China amounts to 1 out of the 3 percent growth of global GBP growth. The nation amounts to half of the demand for overall commodities. If China were to tumble into a recession it would create a vacuum that would suck the word down with it.
It is important to understand that the Chinese government is trying to slow the expansion of government debt. However, to do so, the government have had to curtail the amount of credit given. This halt on the flow of money has contributed to the slow-down of China’s economy.
This deleveraging is to help combat the debt expansion that helped stimulate growth that China has accumulated since 2007-2014 increase in credit. Which helped to increase growth in China.
China started to shift the focus of its economic stimulus from infrastructure and to consumption. The move is a difficult one, in that an overheated segment of an economy is hard to quench if there is still a profit margin to be made.
The obstacle that china faces is to cut off investment for overstimulated markets, such as their infrastructure market which has fuelled a property bubble. However, while reducing the credit available to more protective sectors, such as biotechnology. The problem in China is not over investment, it is that investment is imbalanced.
Leading on from that is the quality of china’s accumulated debt. There was a fast credit expansion of in China’s economy which gave way to the erosion of underlying standards.
Much of China’s debt stems from the private sector whose profitability is widely declined. China’s private sector is made up of mostly export-driven companies. The export industry is decreasing following global financial turbulence and weaker demand across the world. Additionally, much of the outgoing credit has been plunged into declining industries such as heavy industry.

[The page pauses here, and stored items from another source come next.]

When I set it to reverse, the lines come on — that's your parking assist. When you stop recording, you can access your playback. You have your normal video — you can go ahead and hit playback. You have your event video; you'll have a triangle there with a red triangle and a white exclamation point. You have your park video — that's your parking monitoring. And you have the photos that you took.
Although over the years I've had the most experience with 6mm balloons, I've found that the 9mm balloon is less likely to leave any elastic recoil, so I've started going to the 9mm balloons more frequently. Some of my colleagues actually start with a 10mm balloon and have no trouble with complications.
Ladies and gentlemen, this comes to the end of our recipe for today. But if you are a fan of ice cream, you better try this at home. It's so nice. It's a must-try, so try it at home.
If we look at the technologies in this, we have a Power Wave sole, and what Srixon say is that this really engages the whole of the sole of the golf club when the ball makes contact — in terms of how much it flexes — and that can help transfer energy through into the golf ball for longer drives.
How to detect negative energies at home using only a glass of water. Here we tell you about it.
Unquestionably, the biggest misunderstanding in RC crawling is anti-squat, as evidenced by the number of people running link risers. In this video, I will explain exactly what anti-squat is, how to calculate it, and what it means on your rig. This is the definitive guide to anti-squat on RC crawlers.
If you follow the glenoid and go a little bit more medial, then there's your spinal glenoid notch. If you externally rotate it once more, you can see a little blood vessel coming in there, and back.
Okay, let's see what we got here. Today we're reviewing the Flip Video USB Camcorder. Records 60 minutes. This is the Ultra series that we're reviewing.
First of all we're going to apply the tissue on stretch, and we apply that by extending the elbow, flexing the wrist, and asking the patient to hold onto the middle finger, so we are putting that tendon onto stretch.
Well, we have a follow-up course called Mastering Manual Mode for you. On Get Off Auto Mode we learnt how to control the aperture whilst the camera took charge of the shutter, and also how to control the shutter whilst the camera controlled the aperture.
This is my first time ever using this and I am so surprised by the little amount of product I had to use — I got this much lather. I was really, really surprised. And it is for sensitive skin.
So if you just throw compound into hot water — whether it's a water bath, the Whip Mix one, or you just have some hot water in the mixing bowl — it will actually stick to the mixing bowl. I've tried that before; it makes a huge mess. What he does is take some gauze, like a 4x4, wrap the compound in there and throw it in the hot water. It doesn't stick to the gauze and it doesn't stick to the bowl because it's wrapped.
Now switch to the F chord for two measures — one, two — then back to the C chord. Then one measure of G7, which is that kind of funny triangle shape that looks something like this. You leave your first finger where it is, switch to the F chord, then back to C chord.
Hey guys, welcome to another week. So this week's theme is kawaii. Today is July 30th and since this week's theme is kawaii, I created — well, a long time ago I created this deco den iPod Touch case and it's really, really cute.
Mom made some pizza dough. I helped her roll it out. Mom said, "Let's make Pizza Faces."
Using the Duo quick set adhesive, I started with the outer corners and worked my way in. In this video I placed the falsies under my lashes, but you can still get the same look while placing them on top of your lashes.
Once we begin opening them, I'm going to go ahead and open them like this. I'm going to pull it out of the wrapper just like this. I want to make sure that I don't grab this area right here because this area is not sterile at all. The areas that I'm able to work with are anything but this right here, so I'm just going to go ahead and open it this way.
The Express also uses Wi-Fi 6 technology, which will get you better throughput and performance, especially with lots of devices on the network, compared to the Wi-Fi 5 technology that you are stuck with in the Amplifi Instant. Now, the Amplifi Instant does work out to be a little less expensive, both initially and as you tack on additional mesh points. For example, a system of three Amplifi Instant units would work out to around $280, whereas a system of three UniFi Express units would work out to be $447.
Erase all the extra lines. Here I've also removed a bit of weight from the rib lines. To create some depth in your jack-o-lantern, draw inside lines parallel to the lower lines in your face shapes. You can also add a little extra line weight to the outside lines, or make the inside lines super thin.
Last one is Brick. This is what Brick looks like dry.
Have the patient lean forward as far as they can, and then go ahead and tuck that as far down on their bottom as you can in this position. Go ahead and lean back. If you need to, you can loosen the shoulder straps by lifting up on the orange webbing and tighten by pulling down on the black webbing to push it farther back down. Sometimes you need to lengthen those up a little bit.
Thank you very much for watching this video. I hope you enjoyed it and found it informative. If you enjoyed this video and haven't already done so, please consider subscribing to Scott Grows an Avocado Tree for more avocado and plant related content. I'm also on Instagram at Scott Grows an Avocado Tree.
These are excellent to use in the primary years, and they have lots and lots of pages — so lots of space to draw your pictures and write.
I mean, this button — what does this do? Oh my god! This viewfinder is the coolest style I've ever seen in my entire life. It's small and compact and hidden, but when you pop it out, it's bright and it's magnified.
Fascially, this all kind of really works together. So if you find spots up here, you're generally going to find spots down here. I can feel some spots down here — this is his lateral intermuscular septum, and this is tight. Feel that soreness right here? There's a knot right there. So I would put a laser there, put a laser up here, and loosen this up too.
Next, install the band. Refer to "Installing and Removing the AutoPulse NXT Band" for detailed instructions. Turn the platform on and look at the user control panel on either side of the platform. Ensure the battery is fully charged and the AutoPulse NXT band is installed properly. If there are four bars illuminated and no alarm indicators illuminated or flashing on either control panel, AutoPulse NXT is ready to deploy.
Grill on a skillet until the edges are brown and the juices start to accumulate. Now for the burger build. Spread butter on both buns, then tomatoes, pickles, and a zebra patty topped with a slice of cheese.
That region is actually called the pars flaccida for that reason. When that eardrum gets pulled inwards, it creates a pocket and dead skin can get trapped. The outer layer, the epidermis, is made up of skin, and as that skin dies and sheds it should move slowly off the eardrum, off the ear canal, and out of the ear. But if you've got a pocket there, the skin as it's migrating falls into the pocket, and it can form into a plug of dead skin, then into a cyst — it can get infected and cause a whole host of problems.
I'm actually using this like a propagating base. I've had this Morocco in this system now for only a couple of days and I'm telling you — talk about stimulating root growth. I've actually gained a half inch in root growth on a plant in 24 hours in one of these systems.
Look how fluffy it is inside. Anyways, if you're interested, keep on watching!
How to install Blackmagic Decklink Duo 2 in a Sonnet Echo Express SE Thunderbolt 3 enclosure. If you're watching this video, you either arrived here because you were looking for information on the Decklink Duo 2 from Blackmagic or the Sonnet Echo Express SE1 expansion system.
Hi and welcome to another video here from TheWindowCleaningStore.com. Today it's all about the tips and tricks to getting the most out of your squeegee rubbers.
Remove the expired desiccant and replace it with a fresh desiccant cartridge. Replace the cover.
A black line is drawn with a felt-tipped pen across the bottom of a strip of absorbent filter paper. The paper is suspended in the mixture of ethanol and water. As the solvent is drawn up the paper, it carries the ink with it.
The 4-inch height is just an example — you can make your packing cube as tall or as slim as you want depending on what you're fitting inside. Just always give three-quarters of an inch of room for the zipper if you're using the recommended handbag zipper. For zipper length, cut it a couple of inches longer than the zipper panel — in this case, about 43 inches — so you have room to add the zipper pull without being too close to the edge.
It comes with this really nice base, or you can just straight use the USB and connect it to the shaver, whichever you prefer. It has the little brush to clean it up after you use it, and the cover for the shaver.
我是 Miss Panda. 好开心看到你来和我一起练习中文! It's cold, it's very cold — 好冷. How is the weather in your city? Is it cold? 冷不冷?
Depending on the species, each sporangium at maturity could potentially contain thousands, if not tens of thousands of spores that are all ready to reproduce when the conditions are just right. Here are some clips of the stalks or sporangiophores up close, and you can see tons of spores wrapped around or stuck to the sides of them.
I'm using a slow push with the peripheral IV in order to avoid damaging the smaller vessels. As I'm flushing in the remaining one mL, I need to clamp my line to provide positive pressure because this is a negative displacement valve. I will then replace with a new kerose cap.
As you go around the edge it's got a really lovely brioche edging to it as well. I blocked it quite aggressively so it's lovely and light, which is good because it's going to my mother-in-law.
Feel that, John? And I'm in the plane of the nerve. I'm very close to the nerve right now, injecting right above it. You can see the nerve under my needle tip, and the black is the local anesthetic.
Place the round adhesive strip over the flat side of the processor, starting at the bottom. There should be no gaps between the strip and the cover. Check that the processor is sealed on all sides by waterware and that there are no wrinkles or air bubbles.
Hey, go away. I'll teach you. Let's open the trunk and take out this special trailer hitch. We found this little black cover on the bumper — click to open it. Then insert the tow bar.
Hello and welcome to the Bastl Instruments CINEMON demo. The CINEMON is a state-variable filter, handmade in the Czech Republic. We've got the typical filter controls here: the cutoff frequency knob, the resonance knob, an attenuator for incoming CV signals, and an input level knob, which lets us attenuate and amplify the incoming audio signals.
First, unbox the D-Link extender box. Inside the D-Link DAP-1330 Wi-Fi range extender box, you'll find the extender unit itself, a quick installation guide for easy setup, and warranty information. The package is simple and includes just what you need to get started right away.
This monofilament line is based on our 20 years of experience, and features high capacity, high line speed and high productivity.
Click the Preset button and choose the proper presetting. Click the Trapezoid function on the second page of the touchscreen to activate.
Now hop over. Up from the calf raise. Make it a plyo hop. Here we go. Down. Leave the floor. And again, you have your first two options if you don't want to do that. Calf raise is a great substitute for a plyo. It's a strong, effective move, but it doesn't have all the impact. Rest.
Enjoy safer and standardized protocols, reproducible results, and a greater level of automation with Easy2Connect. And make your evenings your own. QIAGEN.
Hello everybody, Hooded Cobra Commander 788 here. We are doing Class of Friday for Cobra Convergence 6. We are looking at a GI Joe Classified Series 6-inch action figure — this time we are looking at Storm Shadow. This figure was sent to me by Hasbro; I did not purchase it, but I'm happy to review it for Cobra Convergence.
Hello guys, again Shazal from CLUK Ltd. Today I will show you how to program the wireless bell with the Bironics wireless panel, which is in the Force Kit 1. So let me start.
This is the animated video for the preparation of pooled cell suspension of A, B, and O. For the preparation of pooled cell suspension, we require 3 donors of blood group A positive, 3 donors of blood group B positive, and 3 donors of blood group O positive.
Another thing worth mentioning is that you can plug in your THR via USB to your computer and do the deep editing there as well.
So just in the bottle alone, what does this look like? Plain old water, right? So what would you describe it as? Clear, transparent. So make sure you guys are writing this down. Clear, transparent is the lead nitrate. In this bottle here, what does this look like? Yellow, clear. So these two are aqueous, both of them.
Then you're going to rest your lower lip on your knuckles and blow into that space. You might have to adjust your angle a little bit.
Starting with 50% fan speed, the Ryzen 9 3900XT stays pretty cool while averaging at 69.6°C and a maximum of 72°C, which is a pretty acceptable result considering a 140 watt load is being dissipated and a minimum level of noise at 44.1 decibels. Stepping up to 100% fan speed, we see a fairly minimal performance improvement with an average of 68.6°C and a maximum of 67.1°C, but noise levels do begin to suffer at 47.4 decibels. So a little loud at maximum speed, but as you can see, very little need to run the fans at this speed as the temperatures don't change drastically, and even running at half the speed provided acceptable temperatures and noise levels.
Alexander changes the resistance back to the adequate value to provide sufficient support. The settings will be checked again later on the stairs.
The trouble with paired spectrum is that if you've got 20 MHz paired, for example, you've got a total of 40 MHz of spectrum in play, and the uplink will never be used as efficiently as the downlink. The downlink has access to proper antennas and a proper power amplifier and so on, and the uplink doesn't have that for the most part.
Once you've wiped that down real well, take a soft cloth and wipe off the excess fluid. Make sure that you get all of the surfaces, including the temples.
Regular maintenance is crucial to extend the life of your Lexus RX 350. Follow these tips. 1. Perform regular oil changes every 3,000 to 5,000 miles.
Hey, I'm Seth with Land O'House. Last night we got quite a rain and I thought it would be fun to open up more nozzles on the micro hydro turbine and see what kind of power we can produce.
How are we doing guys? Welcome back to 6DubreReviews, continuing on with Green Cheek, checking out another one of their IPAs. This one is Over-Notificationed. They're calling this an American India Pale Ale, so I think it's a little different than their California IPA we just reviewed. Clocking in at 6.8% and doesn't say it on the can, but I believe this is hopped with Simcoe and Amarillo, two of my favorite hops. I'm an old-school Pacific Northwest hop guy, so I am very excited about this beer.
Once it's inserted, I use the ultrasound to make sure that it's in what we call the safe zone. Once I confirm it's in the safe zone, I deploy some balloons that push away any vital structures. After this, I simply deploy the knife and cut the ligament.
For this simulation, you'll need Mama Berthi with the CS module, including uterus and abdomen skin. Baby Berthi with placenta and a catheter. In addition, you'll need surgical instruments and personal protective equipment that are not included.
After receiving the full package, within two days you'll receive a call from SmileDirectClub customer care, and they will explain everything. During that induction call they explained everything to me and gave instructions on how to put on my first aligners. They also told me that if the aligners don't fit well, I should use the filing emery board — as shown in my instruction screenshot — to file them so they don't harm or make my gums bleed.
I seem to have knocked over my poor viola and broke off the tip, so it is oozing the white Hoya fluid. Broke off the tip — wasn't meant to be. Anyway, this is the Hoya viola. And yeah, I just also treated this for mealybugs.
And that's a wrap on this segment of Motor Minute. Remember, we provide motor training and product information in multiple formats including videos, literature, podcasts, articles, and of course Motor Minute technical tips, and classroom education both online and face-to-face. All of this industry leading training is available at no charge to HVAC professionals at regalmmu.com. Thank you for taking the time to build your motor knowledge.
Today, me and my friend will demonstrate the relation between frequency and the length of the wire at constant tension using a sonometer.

The Chinese economy has entered into the Ponzi-phase of financing – whereby cashflows cover neither interest nor the principal or their loans – meaning that they are relying on the appreciation of their assets. Should this inflation not occur, the firms will be left exposed. Chinese companies are now acquiring new debt to pay for their previous debt.
If you want to slow down debt expansion you will slow down the expansion of the economy, which is the policy dilemma china faces today. Cutting off credit flow to the public sector will reduce investment, slowing down the economy.
Additionally, even though Chinese governments have been reducing interest rates, the interest expenses growth rate is still the highest amongst emerging economies, at 27.8%.
However, one of the main catapults of financial crisis in emerging economies in the past has been the accumulation of external or foreign debt. China paints a different picture to that, which a manageable external debt of when compared with GDP.
It is estimated that China accumulates 4 trillion dollars in foreign exchange reserves.
Budget deficit as a percentage of GDP is estimated to be about 18%, which again, is manageable. The government have the capital necessary to re-capitalise banks if needs be.
As the renowned economist, Hyman Minsky put it in his financial-instability hypothesis – periods of stability breeds periods of financial stability as markets find it impossible to resist the urge to take on more debt in times of financial growth.
China are in a cycle of this boom and bust periods however, its government seem to be equipped to recapitalise banks and pay back debt, if necessary.